The Affordable Care Act was to be Obama's signature accomplishment as President and it was to be the basis of his historical legacy. That and killing Osama bin Laden. Every American has a right to ask: if this is your signature achievement, and you had years to develop this website at virtually infinite public expense, why would you release it when virtually any serious beta testing would have shown you that it doesn't work? If Obama cannot fix this thing ASAP, and apologize in a completely unguarded way to the American people, he is headed into the gulag of Jimmy Carter, whose administration will forever be symbolized by the failed raid (Operation Eagle Claw!) on Tehran on April 24, 1980.

Now everyone who has hated Obama since before he was even inaugurated (I know scores of such people in my little circle alone), everyone who hates rule by Democrats, everyone who hates Obama's style, his perspective on world affairs, his outsized political confidence, everyone who hates "the liberal agenda," will feel vindicated and empowered. Such folks will be even more strident and obnoxious in the future, and "the failure of Obamacare" will be their rallying cry, like the Alamo or the Boston Tea Party or the sinking of the battleship Maine.

Since the election of Ronald Reagan in 1980, the central mantra of political conservatism has been "government always screws things up." In his first inaugural address, delivered on January 20, 1981, President Reagan famously said, "government is not the solution to our problem; government is the problem." Think of the paradox of this! The new President of the United States, the elected head of the American government, begins his eight-year tenure by denouncing government. Every President since Reagan has had to operate under the shadow of Reagan's cynicism—the paradoxical view that government is a disaster except when it is funding and operating the largest military behemoth the world has ever seen. At one of the lowest ebbs of his presidency, Bill Clinton was heard to say—a little pathetically—"government still matters."

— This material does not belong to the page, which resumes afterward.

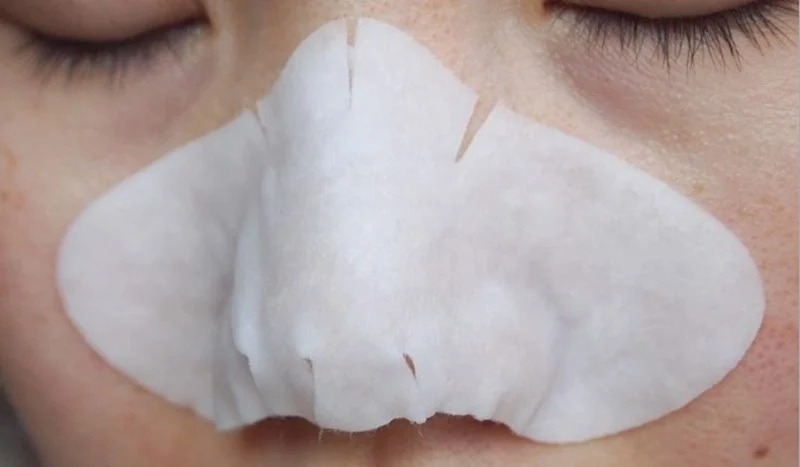 Miếng Đẩy Mụn Ciracle Goodbye Blackhead (1 Hộp)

I remember hearing former Speak of the House Newt Gingrich, at the height of his intellectual and political power, deliver a lecture at an Inns of Court event. His theme was the inefficiency of government. Why, he asked, is it a hassle to mail a parcel in a U.S. Post Office, and so easy to send a package by Fedex or UPS? Why should a visit to a state's Department of Transportation to renew a driver's license or register a new car be a daylong nightmare? Why does private enterprise provide quick, efficient, reliable, and friendly service to its customers, while public services are typically slow and inefficient, and your transaction is usually handled by a rude, unsmiling, and bored functionary whose salary you are paying.

There is an answer to the Gingrich thesis, but in the last month I have wondered many times why Obama didn't just ask Amazon.com to administer the health care program. After all you can buy books and refrigerators at Amazon.com, DVDs and snow tires. Indeed Google, Oracle, and other internet masters have offered to help fix the broken Healthcare.gov system. I say, turn them loose.

In the end, I predict, the problems with the Affordable Care Act will be fixed, and that some future version of it (Post-Obamacare 3.0) will come to be seen as a central and cherished benefit of American life, like Social Security and Medicare. In the meantime, I believe that Kathleen Sebelius should resign (on the principal of parliamentary accountability), that President Obama should shake up his administration at every level, that he should reach out in an unprecedented way to the Republicans to devise some kind of health care compromise that fulfills his promise that "if you like your health care plan you can keep it," and he should deliver a nationally-televised address to the American people in which he acknowledges this catastrophe and never utters one defensive statement.

Even so, for decades to come, whenever a new government initiative, bureau, or program is announced, we can expect to hear—in the blogosphere and talk radio land—"Oh, yeah, remember the rollout of Obamacare?"

This is not just a setback for Obama and the Democrats. It is a setback for America.